Initialize two variables, ‘count_ones’ and ‘count_zeros’, to store the count of ones and zeroes in the substring that is currently considered.
Initialize a variable ‘total’, which stores the total count of the possible substrings whose count of 1s is greater than 0s.
Finally, after traversing through each substring of the given string. Return the ‘total’, which is displayed as the output.
Dry Run
Let’s look at the visualization over the brute force approach. Considering each substring and counting the total number of ones and zeros in the current substring.
Number of ones = 1, Number of zeroes = 0, Total number of substrings = 1
Number of ones = 2, Number of zeroes = 0, Total number of substrings = 2
Number of ones = 2, Number of zeroes = 1, Total number of substrings = 3
Number of ones = 3, Number of zeroes = 1, Total number of substrings = 4
Number of ones = 3, Number of zeroes = 2, Total number of substrings = 5
Number of ones = 1, Number of zeroes = 0, Total number of substrings = 6
Number of ones = 1, Number of zeroes = 1, Total number of substrings = 6 As the number of ones must be greater than zeros hence, the condition isn’t satisfied.
Number of ones = 2, Number of zeroes = 1, Total number of substrings = 7
Number of ones = 2, Number of zeroes = 2, Total number of substrings = 7
As the number of ones must be greater than zeros hence, the condition isn’t satisfied.
Number of ones = 0, Number of zeroes = 1, Total number of substrings = 7
As the number of ones must be greater than zeros hence, the condition isn’t satisfied.
Number of ones = 1, Number of zeroes = 1, Total number of substrings = 7
As the number of ones must be greater than zeros hence, the condition isn’t satisfied.

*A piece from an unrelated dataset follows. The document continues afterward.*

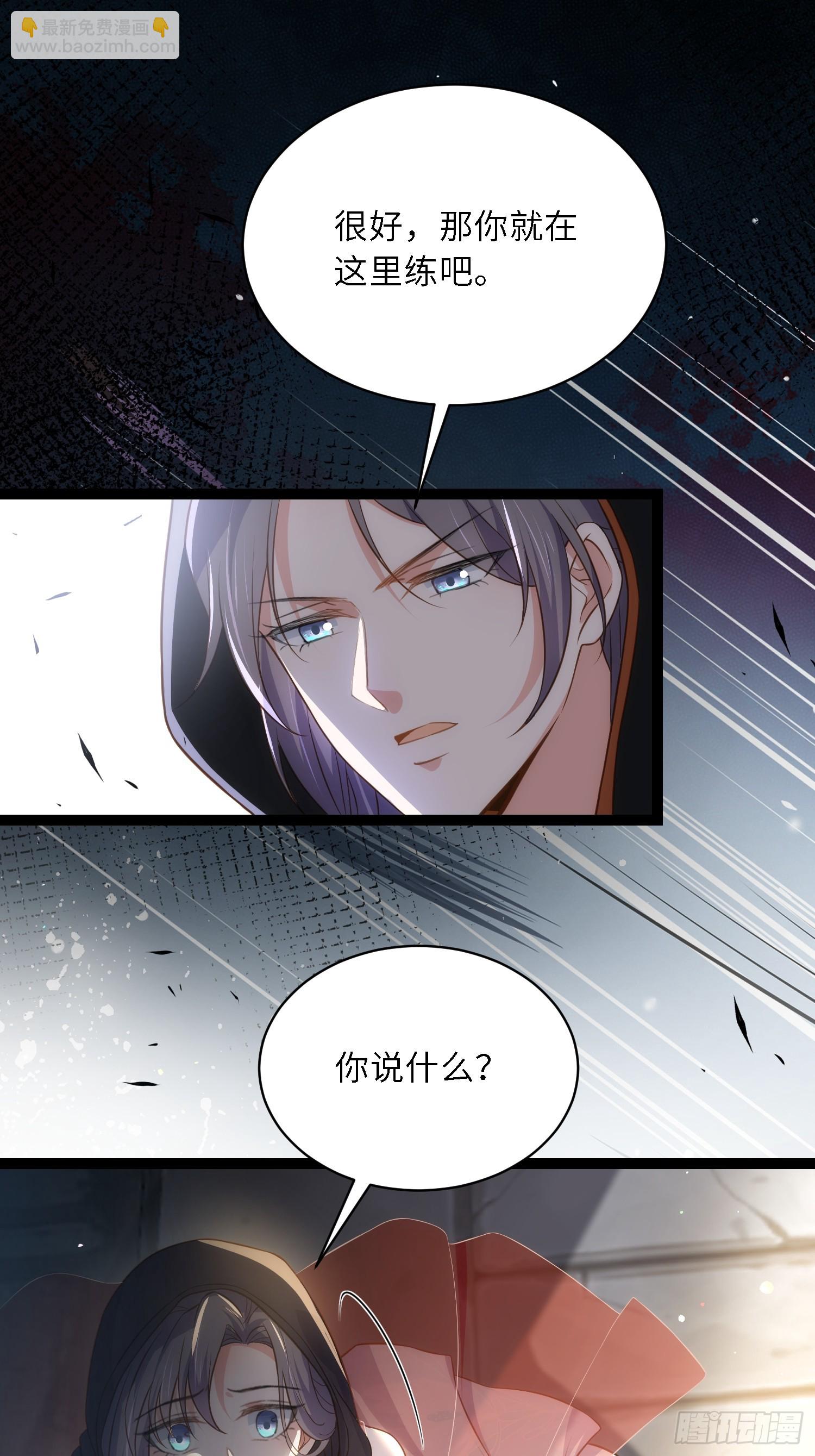 🍹宦妃天下（太监王爷强娶我） 第303 新帝登基 第27页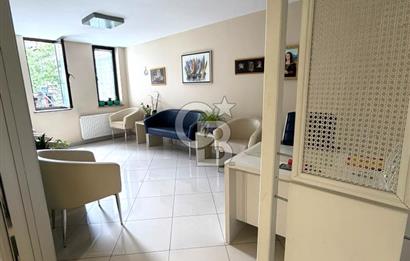 KIZILAY IHLAMUR SOK. HAN İÇERİSİNDE İÇİ YAPILI 1+1 SATILIK OFİS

Number of ones = 1, Number of zeroes = 2, Total number of substrings = 7
As the number of ones must be greater than zeros hence, the condition isn’t satisfied.
Number of ones = 1, Number of zeroes = 0, Total number of substrings = 8
Number of ones = 1, Number of zeroes = 1, Total number of substrings = 8
As the number of ones must be greater than zeros hence, the condition isn’t satisfied.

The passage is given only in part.